La justice britannique annule en appel le refus d'extrader Julian Assange vers les États-Unis

La rédaction de LCI
Publié le 10 décembre 2021 à 12h09
Des soutiens de Julian Assange brandissent des pancartes devant la La Haute-Cour de Londres le 10 décembre 2021, alors qu'elle doit se prononcer sur l'appel américain contre le refus de l'extrader.

Des soutiens de Julian Assange brandissent des pancartes devant la La Haute-Cour de Londres le 10 décembre 2021, alors qu'elle doit se prononcer sur l'appel américain contre le refus de l'extrader.

Source : Niklas HALLE'N / AFP

JUSTICE - Alors que les craintes concernant un éventuel suicide de Julian Assange sont plus vives que jamais, la Haute-Cour de Londres a annulé ce vendredi en appel le refus d'extrader vers les États-Unis le fondateur de Wikileaks.

La Haute-Cour de Londres a annulé ce vendredi en appel le refus d'extrader vers les États-Unis le fondateur de Wikileaks Julian Assange. La cour "autorise l'appel" formé par les États-Unis, a déclaré le juge Tim Holroyde, ce qui signifie que la décision de première instance est annulée et que la justice britannique devra de nouveau statuer sur la demande d'extradition américaine.

Il y a près d'un an, la juge britannique Vanessa Baraitser s'était opposée à la remise de l'Australien de 50 ans aux autorités américaines, invoquant le risque de suicide du fondateur de Wikileaks.

"Nous sommes véritablement soulagés", réagit Me Antoine Vey, avocat de Julian AssangeSource : TF1 Info
JT Perso

Une peine pouvant aller jusqu'à 175 ans de prison

Les États-Unis reprochent à Julian Assange d'avoir diffusé, à partir de 2010, plus de 700.000 documents classifiés sur les activités militaires et diplomatiques américaines, en particulier en Irak et en Afghanistan. Poursuivi notamment pour espionnage, il risque jusqu'à 175 ans de prison, dans une affaire qui représente, selon ses soutiens, une attaque gravissime contre la liberté de la presse.

Julian Assange se trouve sous le coup de poursuites lancées sous la présidence de Donald Trump. Sous son prédécesseur Barack Obama, qui avait Joe Biden pour vice-président, la justice américaine avait renoncé à poursuivre le fondateur de WikiLeaks.
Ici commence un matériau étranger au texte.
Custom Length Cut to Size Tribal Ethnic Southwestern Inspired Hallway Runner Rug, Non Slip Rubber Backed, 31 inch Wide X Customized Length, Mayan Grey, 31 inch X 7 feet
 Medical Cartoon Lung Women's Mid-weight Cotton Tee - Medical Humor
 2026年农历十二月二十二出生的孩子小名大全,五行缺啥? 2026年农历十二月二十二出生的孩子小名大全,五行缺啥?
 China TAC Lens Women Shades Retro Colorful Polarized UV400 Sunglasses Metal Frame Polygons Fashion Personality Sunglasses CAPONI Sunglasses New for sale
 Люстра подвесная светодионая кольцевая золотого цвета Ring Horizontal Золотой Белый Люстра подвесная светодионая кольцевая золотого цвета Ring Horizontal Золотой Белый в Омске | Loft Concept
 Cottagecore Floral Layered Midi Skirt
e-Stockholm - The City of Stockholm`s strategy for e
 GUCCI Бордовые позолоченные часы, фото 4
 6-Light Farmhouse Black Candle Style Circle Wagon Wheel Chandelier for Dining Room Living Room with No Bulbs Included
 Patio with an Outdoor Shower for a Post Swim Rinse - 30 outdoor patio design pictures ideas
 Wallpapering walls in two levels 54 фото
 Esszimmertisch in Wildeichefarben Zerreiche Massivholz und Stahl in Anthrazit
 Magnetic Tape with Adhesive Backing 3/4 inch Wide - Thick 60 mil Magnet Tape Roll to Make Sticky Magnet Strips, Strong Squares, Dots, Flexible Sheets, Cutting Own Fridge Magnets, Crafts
Des garanties américaines insuffisantes face à "un grand risque de suicide"

Incarcéré dans une prison de haute-sécurité près de Londres, Julian Assange a été arrêté par la police britannique en avril 2019 après avoir passé sept ans dans l'ambassade londonienne d'Équateur, où il s'était réfugié alors qu'il était en liberté sous caution. Il craignait alors une extradition vers les États-Unis ou la Suède, où il faisait l'objet de poursuites pour viol, depuis abandonnées.

Lors de l'audience en appel au sujet de son extradition, qui s'est tenue sur deux jours fin octobre, les États-Unis ont cherché à rassurer sur le traitement qui serait réservé au fondateur de Wikileaks. L'avocat représentant le gouvernement américain, James Lewis, avait assuré qu'Assange ne serait pas incarcéré au redouté centre pénitentiaire ADX Florence, dans le Colorado, surnommé l'"Alcatraz des Rocheuses", où sont détenus à l'isolement quasi-total des membres d'Al-Qaïda.

La justice américaine s'assurerait que le fondateur de Wikileaks reçoive les soins cliniques et psychologiques nécessaires et qu'il puisse demander à purger sa peine en Australie, avait-il affirmé, soulignant que ces assurances diplomatiques sont "une question solennelle", "on ne les distribue pas comme des Smarties".

L'avocat de Julian Assange, Edward Fitzgerald, avait quant à lui rétorqué que les assurances américaines ne changent rien, et que subsiste "un grand risque de suicide quelles que soient les mesures" qui seraient prises. Selon son psychiatre, il souffrirait de "dépression sévère" et de "symptômes psychotiques", dont des hallucinations auditives.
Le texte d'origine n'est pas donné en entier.